Previous curling operations have been effective for only a narrow range of paper weights. For example, these previous curling operations could not be reliably defined for lightweight, medium weight, and heavy weight papers. Typically these previous curling operations could be designed for only a small range of paper weights, and any curling of paper weights lying outside this small range was randomly effective.

U.S. Pat. No. 5,316,539 to Leemhuis et al., issued May 31, 1994, is an example of these previous curling operations. The apparatus disclosed in this patent is constrained by the use of heavy weight paper. Because heavy weight paper often requires little curling, heavy weight paper defines the maximum amount of curling that the apparatus can apply. The curling operation disclosed in this patent linearly operates from this point of maximum curl. A linear curling operation cannot reliably curl paper weights lying outside this narrow linear range.

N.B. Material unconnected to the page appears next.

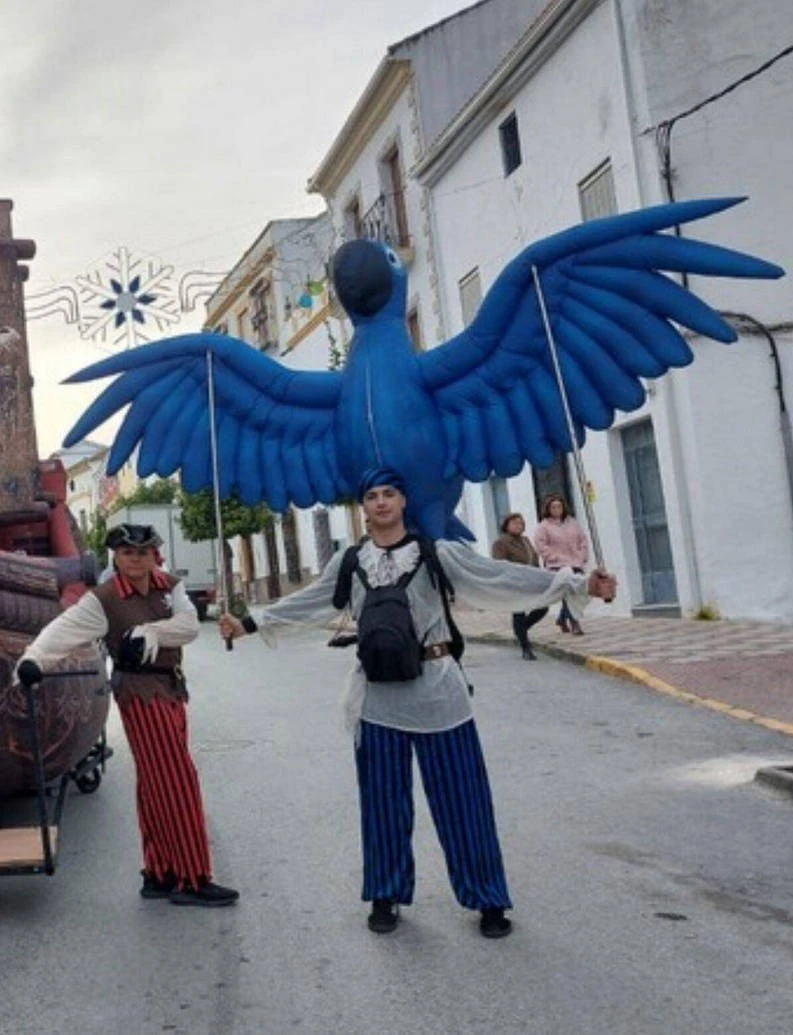 Inflatable flying animals (4) Inflatable flying animals (4)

There is, accordingly, a need in the art for an apparatus which curls a greater range of paper and is predictable and definable for this greater range of paper weight.

SUMMARY OF THE INVENTION

The aforementioned problems are resolved by an apparatus for curling material as described herein. The apparatus includes a first guide surface and a second guide surface opposite the first guide surface. Means for pivoting the second guide surface is included, with the means for pivoting operating to pivot the second guide surface toward the first guide surface and away from the first guide surface. Means for biasing the second guide surface toward the first guide surface is also included, with the means for biasing having a variable or discontinuous rate characteristic. The variable rate characteristic allows the second guide surface to pivot away from the first guide surface in proportion to the rigidity of the material to be straightened. Materials of varying rigidities are passed between the first guide surface and the second guide surface and the apparatus curls the material for subsequent processing.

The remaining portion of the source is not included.